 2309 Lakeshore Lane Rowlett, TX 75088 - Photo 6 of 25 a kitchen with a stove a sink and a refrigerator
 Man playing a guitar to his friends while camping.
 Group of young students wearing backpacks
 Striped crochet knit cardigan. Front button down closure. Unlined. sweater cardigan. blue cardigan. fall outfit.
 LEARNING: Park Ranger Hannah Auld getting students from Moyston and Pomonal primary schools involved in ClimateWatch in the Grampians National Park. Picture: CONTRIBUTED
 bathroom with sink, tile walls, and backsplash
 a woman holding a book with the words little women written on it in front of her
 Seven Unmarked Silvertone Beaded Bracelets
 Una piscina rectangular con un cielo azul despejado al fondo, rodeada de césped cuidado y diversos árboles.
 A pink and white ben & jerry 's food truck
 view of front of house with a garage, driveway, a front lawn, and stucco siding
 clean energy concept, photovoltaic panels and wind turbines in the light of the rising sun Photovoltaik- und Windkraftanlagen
▬▬▬▬▬▬
WHAT YOU HAVE TO DO>
The answer consists of the lines above that include the word "sink", each copied exactly.

WRITTEN RESPONSE>
 2309 Lakeshore Lane Rowlett, TX 75088 - Photo 6 of 25 a kitchen with a stove a sink and a refrigerator
 bathroom with sink, tile walls, and backsplash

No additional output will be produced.